Noun phrases, however, are actually a very useful thing to learn about. Certainly, as writers, we cannot do without them. His Grammar Highness David Crystal says that ‘No other syntactic unit in English presents such possibilities for structural variation.' That statement alone (from The Cambridge Encyclopaedia of the English Language, 2nd edition) seems like a good enough reason to explore them further. No doubt it's also a reason that noun phrases apparently haven't made it into the final version of test, given that syntactical variation makes things messier and greyer, rather than tidier and black and white.
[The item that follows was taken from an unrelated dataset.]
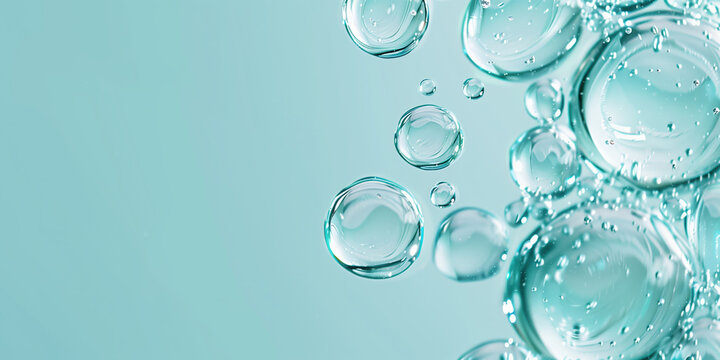 Skin Hydration Concept: Pro-Vitamin B5 Droplets Close-Up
But - and I hope this isn't too controversial - all this test malarky doesn’t need to determine what or how we teach children about writing with nouns. When I looked at the sample question about noun-phrases with teachers in a training exercise (presenting them with images of a range of shoes, because everyone likes to pick a pair that they aspire to), it was of course the discussion around the noun phrases we generated that was of most interest. Black, shiny shoe or smelly, white trainer: how do we decide where to put the colour in our sequence of adjectives? Do we really need a comma between every adjective? Is this “a sandal with a high heel” or “a high-heeled sandal”? What difference does the definite / indefinite article make to our understanding? Pretty pink ballet pumps or tatty, old tap-shoes: which nouns do we endow with a hyphen? Is “that brown and dirty brogue” any better or worse than “this dirty, brown brogue”? And so on…
This is the kind of discussion about noun phrases I’d like to have with seven year olds - and fifteen year olds, come to that. And it’s definitely possible if we don’t focus on naming and defining nouns. To focus on the seven year olds, ideally, before we got to any writing, we’d have been reading a book in which a character has donned some intriguing shoes (like Julia Donaldson's The Smartest Giant in Town) or has made an erroneous choice of shoe (like poor Karen in The Red Shoes by Hans Christian Andersen). We might also have brought in some family shoes and shared experiences of our favourite shoes, expressing our likes and dislikes with reasons and anecdotes.
We would certainly have played a game: everyone pick a piece of footwear from a lovely higgledy-piggledy pile in the middle of the room and describe it orally to the rest of the class. We would certainly have made a collection of great noun phrases on the board as we went. We could have sorted the shoes and explained our classes and categorisation, creating bar charts to show the spread / variation / occurrence of different sizes, colours or fastenings. We could have measured the heels and tested the ease of balancing in each shoe (due risk assessment assumed) on one leg for one minute, or surveyed our shoes for their waterproofing qualities, enjoying a good old puddle-splosh at the same time. We might have imagined the little old lady who lived in a shoe’s shoe, and written response poems about living in the toe, under the laces or inside the heel (practising our adverbials of place along the way).
All this while, we could have listened to shoe songs (I can’t get Nancy Sinatra out of my head, but there’s also Blue Suede Shoes and Boogie Shoes and even One Two, Buckle My Shoe), while designing an item of footwear for people of the future, and creating our own percussive compositions using stomping, tapping and scuffing noises.
Maybe I am getting a little carried away. The point being that by the time we got to writing noun phrases, we would be steeped in vocabulary for talking about shoes. And that is what knowing about nouns does for an emerging writer: gives them choices. If we teach children about nouns so they can identify them and about noun phrases so that they can write one to order, we are falling into the “teach to the test” trap that governments like to place under our tired, aching feet (even if you haven’t been wearing your high heels). Instead, let’s celebrate the power of the noun and the purpose of the noun phrase. Good writers choose their noun phrases very carefully, knowing that a man wearing “stout, green gumboots” is a very different kind of chap to the one slipping on his “polka-dot wellies”. The visual picture placed in the reader’s head is dependent on that noun phrase, and, we must teach our young writers, should be determined not by the random addition of adjectives or selection of wow-words, but by the picture they want to put in their reader’s head. Is your character a dainty child, a whispering giant or a gruff, old wizard? Is he wearing a pair of worn and faded flip-flops or some steel-capped leather boots? Is it a dreary, wet evening or a glorious, sun-filled morning? Choose your noun phrase appropriately, and revel in its power to make a picture.